- Episode no.: Season 4 Episode 9
- Directed by: Terry McDonough
- Written by: Moira Walley-Beckett; Thomas Schnauz;
- Cinematography by: Michael Slovis
- Editing by: Skip Macdonald
- Original air date: September 11, 2011
- Running time: 47 minutes

Guest appearances
- Christopher Cousins as Ted Beneke; Maurice Compte as Gaff; Rob Brownstein as James Picarus; Ray Campbell as Tyrus Kitt; Christopher King as Chris Mara;

Episode chronology
| ← Previous "Hermanos" | Next → "Salud" |
- Breaking Bad season 4

= Bug (Breaking Bad) =

"Bug" is the ninth episode of the fourth season of the American television drama series Breaking Bad, and the 42nd overall episode of the series. It originally aired on AMC in the United States on September 11, 2011.

== Plot ==
Hank Schrader retrieves the GPS tracker from Gus Fring's car. Disappointed that it recorded nothing suspicious, he investigates Gus's distribution center. Walter White warns Mike Ehrmantraut. Walter later meets with Jesse Pinkman and again expresses dissatisfaction that Jesse has not killed Gus.

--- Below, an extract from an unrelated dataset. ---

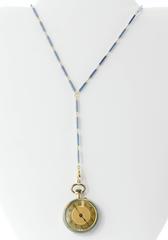 Art Deco Blue and Gold Enamel Swiss Pocket Watch on a Lorgnette Necklace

Skyler White tells Walter the car wash is doing so well that he may be able to quit cooking meth. Ted Beneke tells Skyler he is being audited for tax fraud. As his former bookkeeper, since she was aware of the fraud, Skyler could also be implicated. She attends Ted's audit and pretends to be underqualified and completely ignorant of accounting practices. Believing the fraud was not intentional, the investigator agrees not to seek prison time, but still orders Ted to pay back taxes and fines totaling $600,000. Skyler ventures into the crawl space underneath the White's home, where she has been storing Walt's cash. Walter sees Tyrus Kitt outside Hank's house and reports him to police, forcing Tyrus to leave.

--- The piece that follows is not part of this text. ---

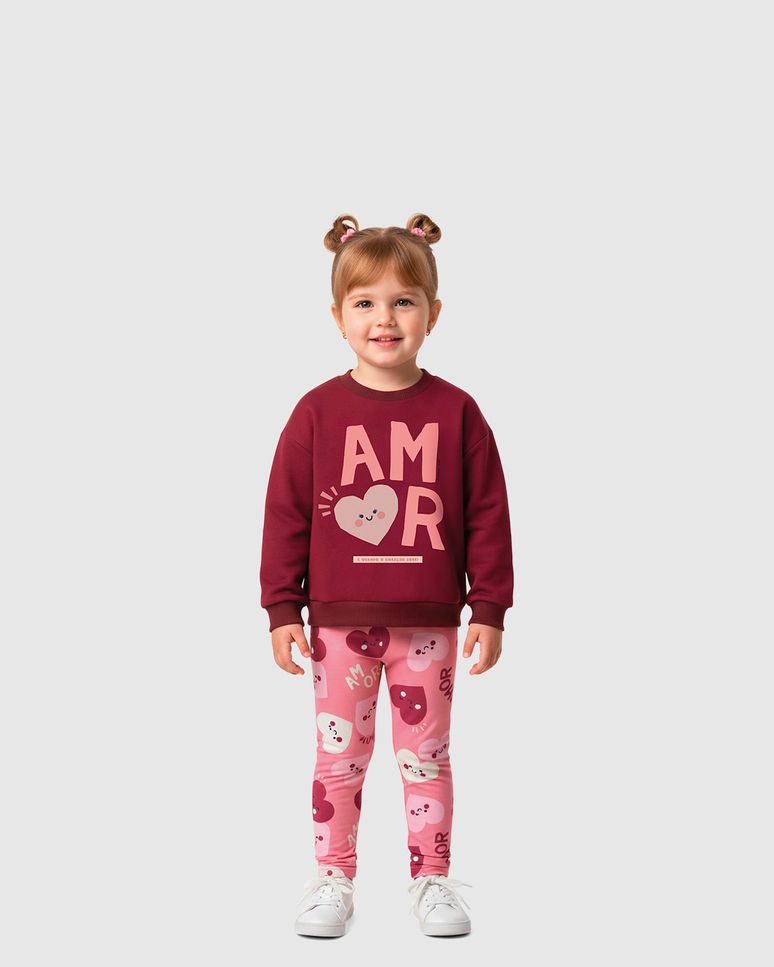 Conjunto Infantil Menina Estampado Blusão E Calça Moletom Flanelado Malwee Kids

A cartel sniper opens fire on Gus's distribution center, killing one of Gus's employees, which ends when Gus walks outside alone and stands in the line of fire. Mike later explains to Jesse that the cartel needs to keep Gus alive for his distribution network. They dissolve the dead employee's body in acid and Mike threatens to kill Walt if he ever again calls the police on Mike's people. Gus invites Jesse to his home and asks him if he is capable of cooking alone, but Jesse angrily reveals that he is aware of Gus' scheme to make him feel independent from Walter; he says that if Gus kills Walter, he will have to kill Jesse as well. Gus denies this and tells Jesse that he has given in to the cartel's demands to split territory; he asked if Jesse can work alone so he can go to Mexico to teach them how to cook the blue meth. Jesse has an opportunity to poison the stew that Gus makes but decides not to risk it.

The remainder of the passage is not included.